*** Source information Section Begins ***

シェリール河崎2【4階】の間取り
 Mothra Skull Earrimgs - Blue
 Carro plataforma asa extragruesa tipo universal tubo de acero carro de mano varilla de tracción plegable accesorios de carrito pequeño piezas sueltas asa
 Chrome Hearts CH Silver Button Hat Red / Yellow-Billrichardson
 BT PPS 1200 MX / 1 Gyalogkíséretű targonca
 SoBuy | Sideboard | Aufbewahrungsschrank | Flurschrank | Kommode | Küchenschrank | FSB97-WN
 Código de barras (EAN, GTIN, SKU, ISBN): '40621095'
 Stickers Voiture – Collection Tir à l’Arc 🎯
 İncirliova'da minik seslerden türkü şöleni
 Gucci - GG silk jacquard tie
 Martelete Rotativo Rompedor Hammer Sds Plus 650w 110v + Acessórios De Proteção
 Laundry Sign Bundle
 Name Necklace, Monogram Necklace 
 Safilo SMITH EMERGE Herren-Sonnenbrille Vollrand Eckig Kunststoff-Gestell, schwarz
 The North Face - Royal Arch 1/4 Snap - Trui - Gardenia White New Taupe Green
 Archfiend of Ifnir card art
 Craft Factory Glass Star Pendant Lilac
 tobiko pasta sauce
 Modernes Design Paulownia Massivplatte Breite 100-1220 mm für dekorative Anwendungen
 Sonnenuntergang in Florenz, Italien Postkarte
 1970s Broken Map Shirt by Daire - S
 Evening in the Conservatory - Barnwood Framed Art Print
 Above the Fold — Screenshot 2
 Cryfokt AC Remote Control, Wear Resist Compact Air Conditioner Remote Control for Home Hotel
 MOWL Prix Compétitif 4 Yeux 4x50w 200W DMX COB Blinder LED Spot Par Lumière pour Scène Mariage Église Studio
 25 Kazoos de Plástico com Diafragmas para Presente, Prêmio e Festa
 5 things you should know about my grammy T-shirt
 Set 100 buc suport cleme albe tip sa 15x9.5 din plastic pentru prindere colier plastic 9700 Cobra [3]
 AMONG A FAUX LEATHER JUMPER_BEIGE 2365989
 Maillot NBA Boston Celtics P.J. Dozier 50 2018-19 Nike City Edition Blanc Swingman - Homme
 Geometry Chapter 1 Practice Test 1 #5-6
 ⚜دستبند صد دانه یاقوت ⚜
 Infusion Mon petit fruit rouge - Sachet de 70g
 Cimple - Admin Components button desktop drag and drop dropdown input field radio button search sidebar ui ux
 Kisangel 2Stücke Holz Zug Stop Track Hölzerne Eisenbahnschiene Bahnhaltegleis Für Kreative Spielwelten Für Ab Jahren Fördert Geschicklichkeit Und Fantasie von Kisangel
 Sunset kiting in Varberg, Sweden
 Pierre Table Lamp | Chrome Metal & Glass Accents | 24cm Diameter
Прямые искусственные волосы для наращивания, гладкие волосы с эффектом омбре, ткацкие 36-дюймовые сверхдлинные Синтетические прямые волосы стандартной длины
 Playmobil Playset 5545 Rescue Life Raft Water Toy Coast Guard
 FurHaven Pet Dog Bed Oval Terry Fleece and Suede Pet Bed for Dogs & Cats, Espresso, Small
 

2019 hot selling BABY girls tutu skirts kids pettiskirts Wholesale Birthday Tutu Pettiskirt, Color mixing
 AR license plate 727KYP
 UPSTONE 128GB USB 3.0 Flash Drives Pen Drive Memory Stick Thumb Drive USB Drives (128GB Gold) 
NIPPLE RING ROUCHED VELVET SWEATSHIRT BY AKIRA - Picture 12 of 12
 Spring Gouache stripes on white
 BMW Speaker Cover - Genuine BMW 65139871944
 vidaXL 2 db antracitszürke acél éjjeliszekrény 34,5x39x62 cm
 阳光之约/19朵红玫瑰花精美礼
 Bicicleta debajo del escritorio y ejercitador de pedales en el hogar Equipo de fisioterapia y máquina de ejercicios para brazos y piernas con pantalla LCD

*** Source information Section Ends ***

Work required:
Repeat only the lines from the one holding "UPSTONE 128GB USB" through the last line of the data.

Output of the exercise:
 UPSTONE 128GB USB 3.0 Flash Drives Pen Drive Memory Stick Thumb Drive USB Drives (128GB Gold) 
NIPPLE RING ROUCHED VELVET SWEATSHIRT BY AKIRA - Picture 12 of 12
 Spring Gouache stripes on white
 BMW Speaker Cover - Genuine BMW 65139871944
 vidaXL 2 db antracitszürke acél éjjeliszekrény 34,5x39x62 cm
 阳光之约/19朵红玫瑰花精美礼
 Bicicleta debajo del escritorio y ejercitador de pedales en el hogar Equipo de fisioterapia y máquina de ejercicios para brazos y piernas con pantalla LCD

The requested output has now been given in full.